Everything Must Go on National Tour

The audience for Patrick Jones’ first play, Everything Must Go (produced in association with the Manic Street Preachers) looks younger and angrier than most. Lured by the thrill of watching the work of the first angry young Welshman, the voice of disaffected youth in the valleys, and hearing a soundtrack that incorporates the Manics, Catatonia, the Stereophonics and other Welsh luminaries, these theatregoers are up for a night of high octane action. Even I’m caught up in the pre-gig mood and beginning to believe that theatre is the new rock ‘n’ roll.

Jones is the brother of the Manic’s bass player and lyricist Nicky Wire – a fact that could be overlooked if it weren’t thrust in your face at every turn. And while the playwright may well be his own man, it is impossible to watch this without the Manics oozing out of every corner.

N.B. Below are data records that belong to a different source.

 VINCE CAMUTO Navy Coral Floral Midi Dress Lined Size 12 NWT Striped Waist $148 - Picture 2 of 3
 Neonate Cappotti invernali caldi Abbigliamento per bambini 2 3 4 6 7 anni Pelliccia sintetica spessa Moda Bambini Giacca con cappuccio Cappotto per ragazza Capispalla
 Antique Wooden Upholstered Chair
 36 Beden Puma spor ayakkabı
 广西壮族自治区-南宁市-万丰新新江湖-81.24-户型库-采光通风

They’re a band prone to grandiose sloganeering and Jones is much the same, while the incorporation of Manic’s lyrics (one character, Meilyr Sion’s Curtis, spouts them non-stop) emphasises the pseudo-intellectual nature of the evening’s proceedings. The Manics are also a band totally lacking in irony – a trait exhibited by Jones, whose original dialogue occasionally glimmers but more often reminds me of the crap I used to write on the reverse of exercise books. But the audience seems to love it because it’s so, uh, real.

There’s not much happening in ‘the piss stained crack alleys and bus stops of Wales’ so Curtis, Pip (Iestyn Llwyd), Cindy (Maria Pride) and Jim (Andrew Lennon) do drugs, joyride, cut their arms and occasionally OD. Another character (Russell Gomer) avenges his father’s sacking from a components factory by shooting the man responsible, Worthington (Stephen Ley). Kids, eh? Director Phil Clark ensures that the performances are energetic.

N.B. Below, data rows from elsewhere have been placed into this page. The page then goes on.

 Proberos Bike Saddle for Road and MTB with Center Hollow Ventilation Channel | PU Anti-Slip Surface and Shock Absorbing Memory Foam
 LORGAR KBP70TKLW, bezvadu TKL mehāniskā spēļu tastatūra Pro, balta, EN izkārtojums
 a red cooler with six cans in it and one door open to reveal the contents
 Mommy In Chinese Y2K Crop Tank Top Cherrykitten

While Jones has to be applauded for raising the profile of Welsh theatre and getting a new audience through the door, this is hardly the stuff that revolutions are made of. How many playwrights do we need telling us that life is crap, worthless and heading nowhere? That New Labour is the same as Old Tory? That sometimes all we’ve got are words? Who is Jones preaching to and who is he to preach in the first place?

There’s a line in the play that announces that ‘one day we’re gonna find our voice.’ Well maybe, but Jones is not that voice; he’s just another middle-class elitist playwright who labours under the misapprehension that his finger is on the pulse. This is my truth, Patrick Jones, now tell me yours.